Write out exactly the lines below starting at the one containing "So why did we" and ending at the one containing "The member is". Omit every picture.

═══ INFORMATION

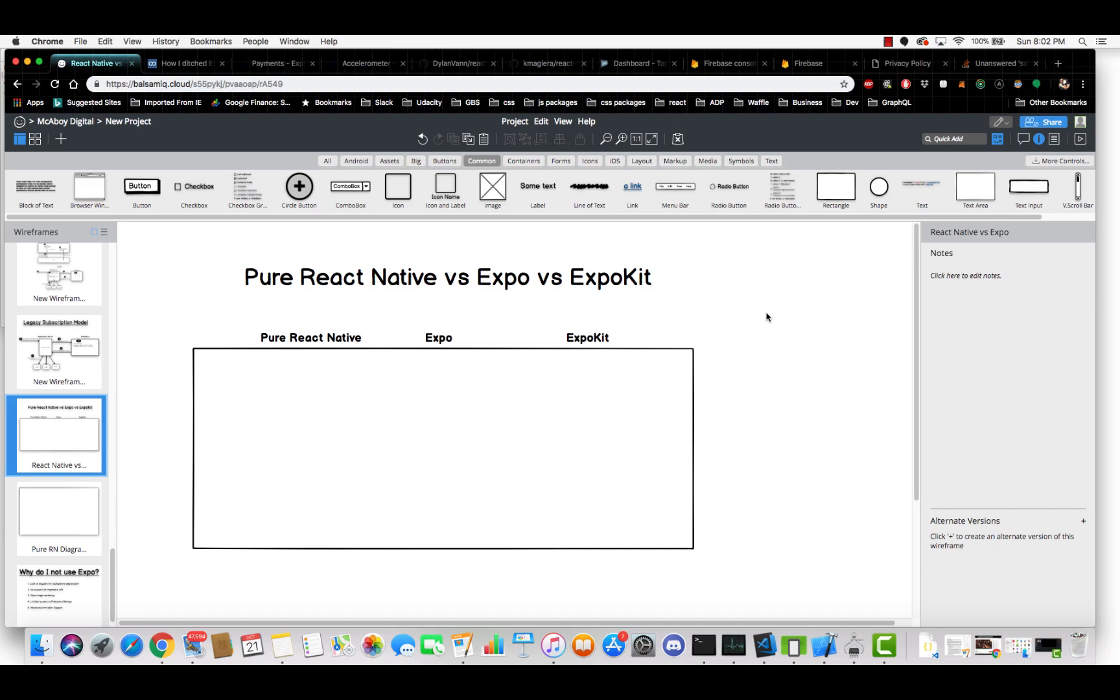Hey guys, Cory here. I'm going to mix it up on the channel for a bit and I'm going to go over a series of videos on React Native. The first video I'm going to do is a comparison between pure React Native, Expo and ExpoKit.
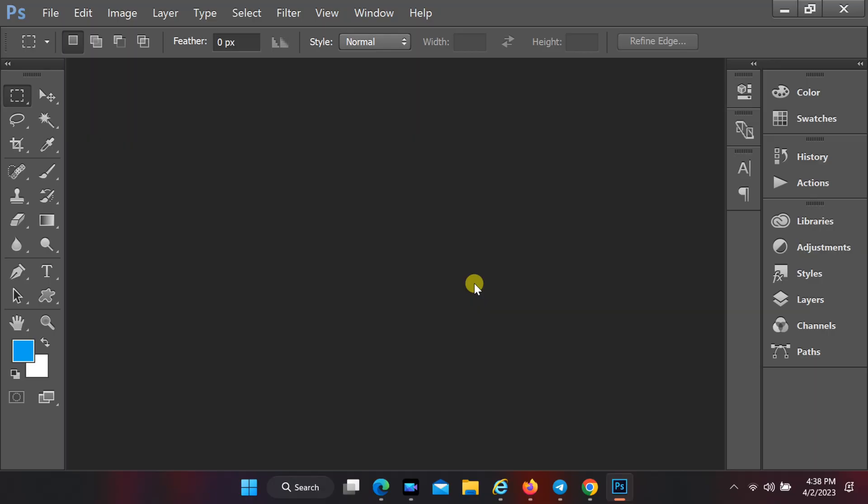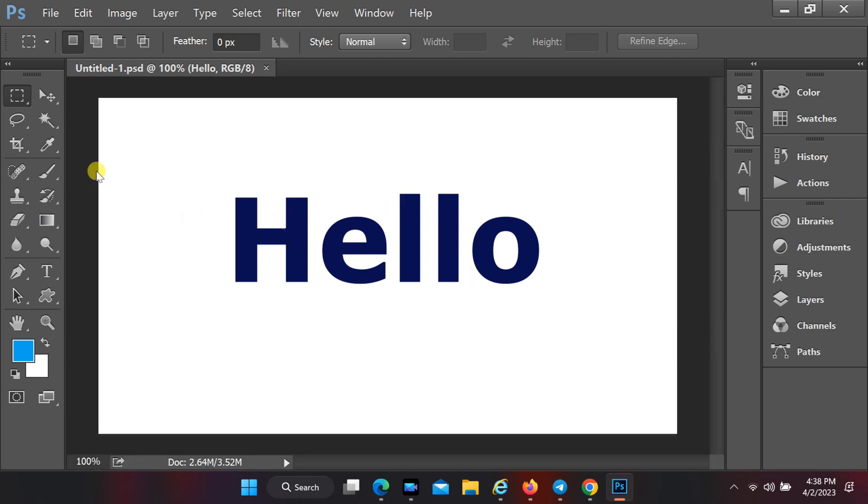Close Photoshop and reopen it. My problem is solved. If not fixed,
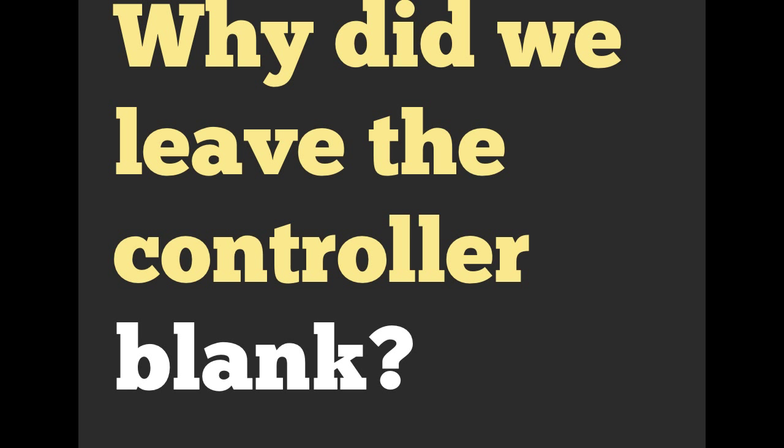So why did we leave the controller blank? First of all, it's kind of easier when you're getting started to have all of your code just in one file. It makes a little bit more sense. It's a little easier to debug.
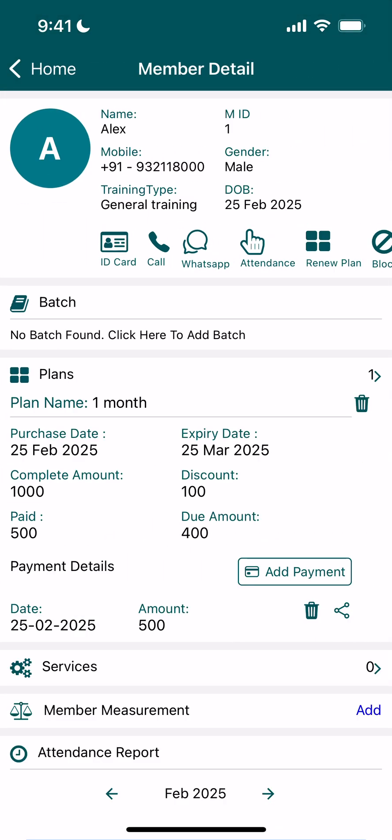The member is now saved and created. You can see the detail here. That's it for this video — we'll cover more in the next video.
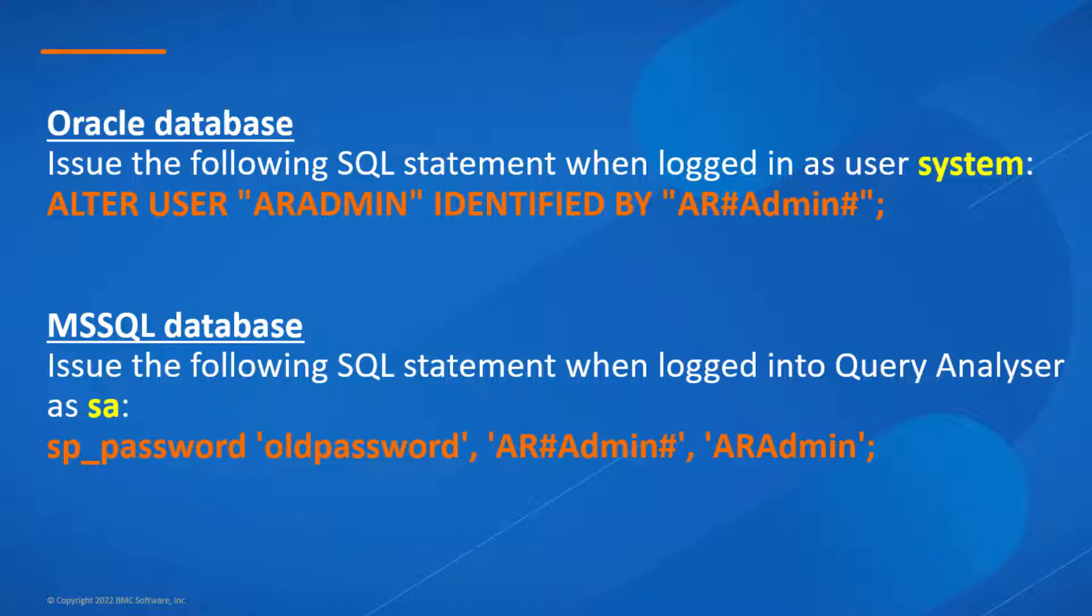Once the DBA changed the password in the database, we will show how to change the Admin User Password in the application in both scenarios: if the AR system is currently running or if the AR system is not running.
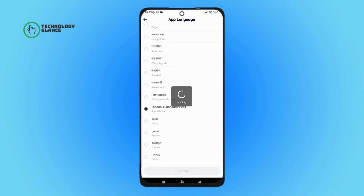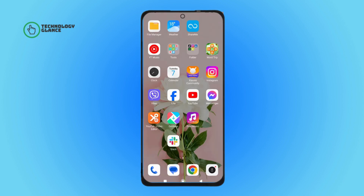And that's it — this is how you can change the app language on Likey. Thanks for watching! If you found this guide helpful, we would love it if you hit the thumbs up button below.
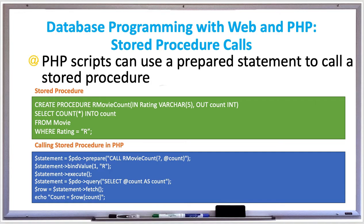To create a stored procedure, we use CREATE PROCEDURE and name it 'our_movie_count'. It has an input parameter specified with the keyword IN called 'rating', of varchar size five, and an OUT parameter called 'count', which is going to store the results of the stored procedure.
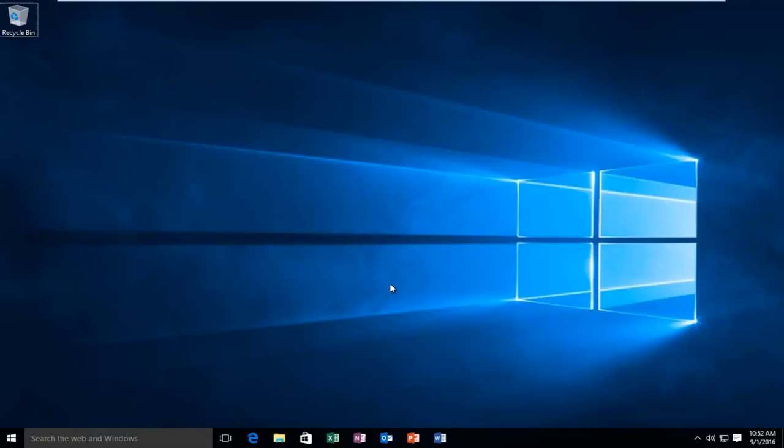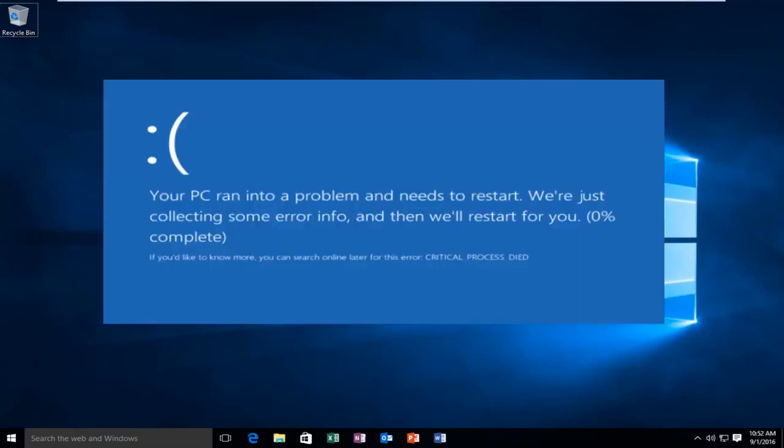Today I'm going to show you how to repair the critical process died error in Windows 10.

══════
═══ INFORMATION

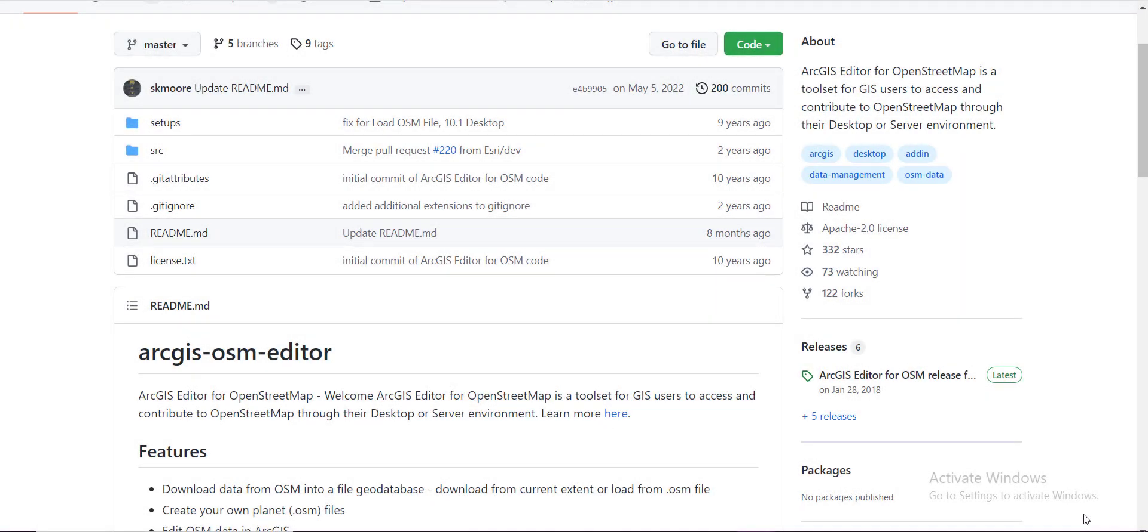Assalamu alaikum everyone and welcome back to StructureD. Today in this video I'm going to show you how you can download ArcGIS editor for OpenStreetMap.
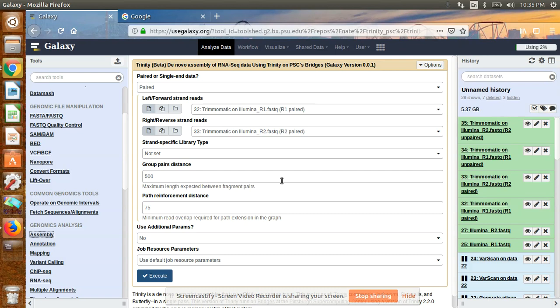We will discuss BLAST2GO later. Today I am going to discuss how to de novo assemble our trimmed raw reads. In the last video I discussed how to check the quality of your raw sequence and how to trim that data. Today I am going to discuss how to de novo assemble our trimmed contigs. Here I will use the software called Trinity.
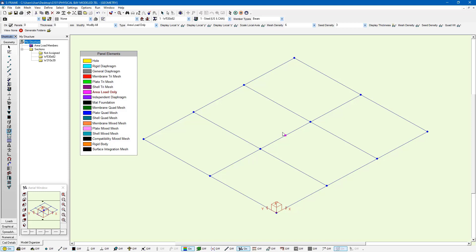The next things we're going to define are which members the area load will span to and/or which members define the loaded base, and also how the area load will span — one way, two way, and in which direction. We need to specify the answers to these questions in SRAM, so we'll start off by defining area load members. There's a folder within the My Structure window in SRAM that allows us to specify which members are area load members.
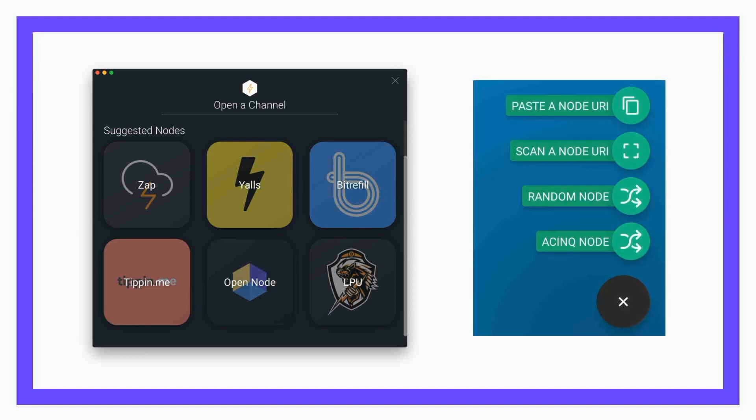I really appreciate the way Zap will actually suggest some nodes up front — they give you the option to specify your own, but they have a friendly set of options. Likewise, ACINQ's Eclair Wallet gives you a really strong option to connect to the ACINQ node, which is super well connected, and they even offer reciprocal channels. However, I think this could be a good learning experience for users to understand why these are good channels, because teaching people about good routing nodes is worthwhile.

══════

- COMPLETED TASK -
So why did we leave the controller blank? First of all, it's kind of easier when you're getting started to have all of your code just in one file. It makes a little bit more sense. It's a little easier to debug.
The member is now saved and created. You can see the detail here. That's it for this video — we'll cover more in the next video.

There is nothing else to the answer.